--- DATASET CONTENT ---

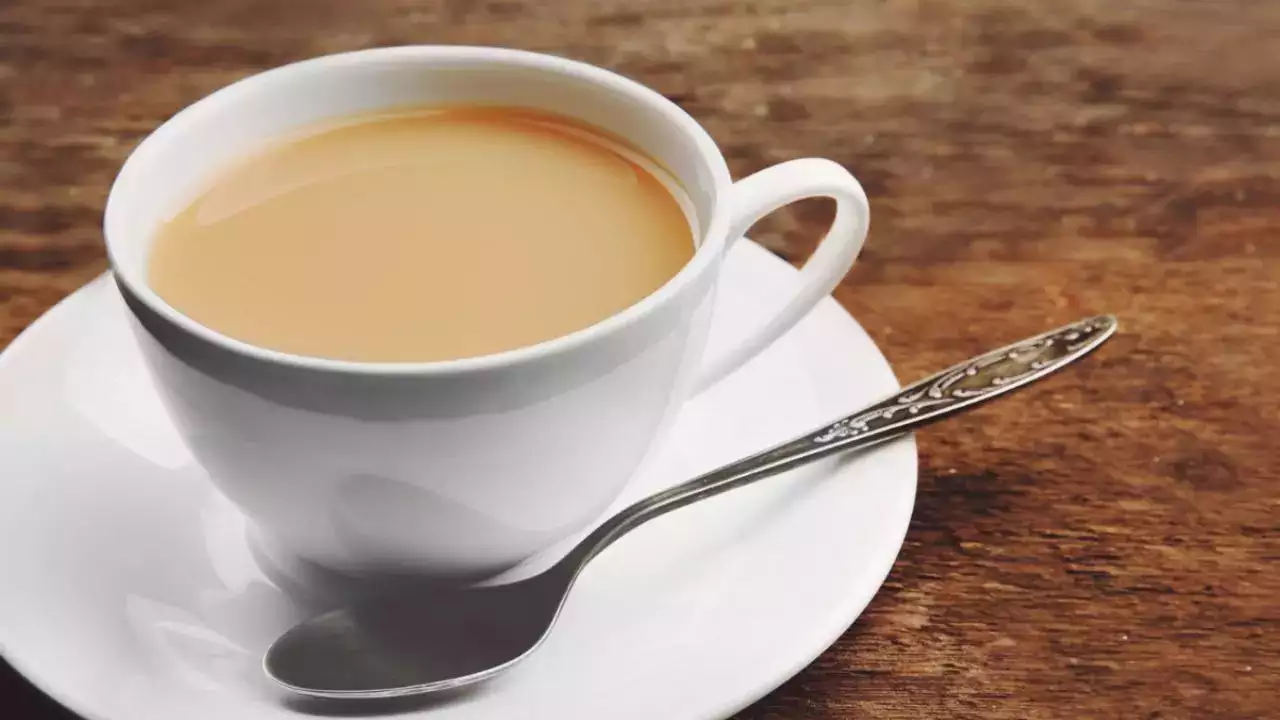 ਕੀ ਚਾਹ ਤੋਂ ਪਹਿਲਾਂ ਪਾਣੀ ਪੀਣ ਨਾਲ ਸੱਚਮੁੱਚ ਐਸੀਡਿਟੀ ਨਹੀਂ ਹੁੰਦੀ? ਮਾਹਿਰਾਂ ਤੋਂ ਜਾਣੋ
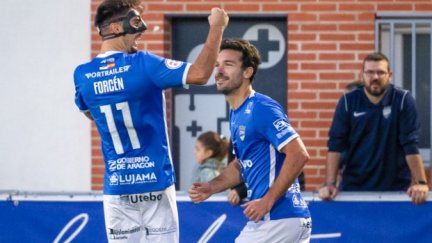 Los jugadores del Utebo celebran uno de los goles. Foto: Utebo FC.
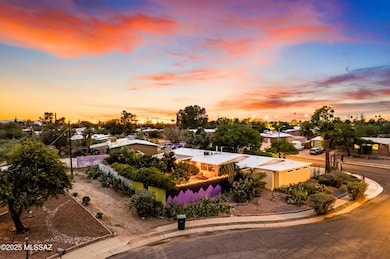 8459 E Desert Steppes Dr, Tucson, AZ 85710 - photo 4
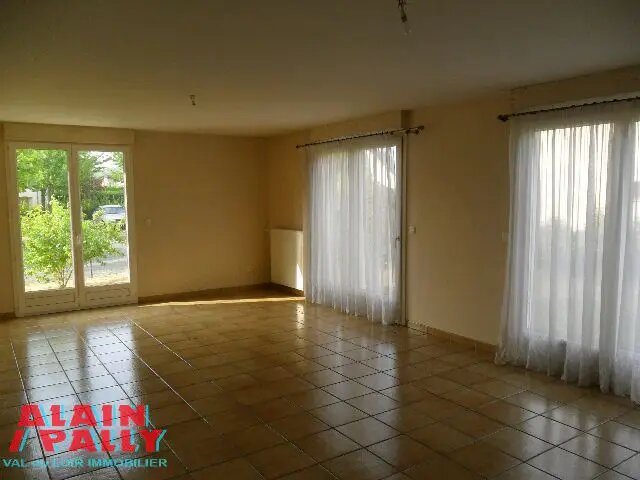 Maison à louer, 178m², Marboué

---

→ **EXERCISE BRIEF**: Exactly those lines that run from the line holding "8459 E Desert" to the end of the listing above, both included, are to be reproduced, with pictures left out.

→ **RESULT OF THIS EXERCISE**:
 8459 E Desert Steppes Dr, Tucson, AZ 85710 - photo 4
 Maison à louer, 178m², Marboué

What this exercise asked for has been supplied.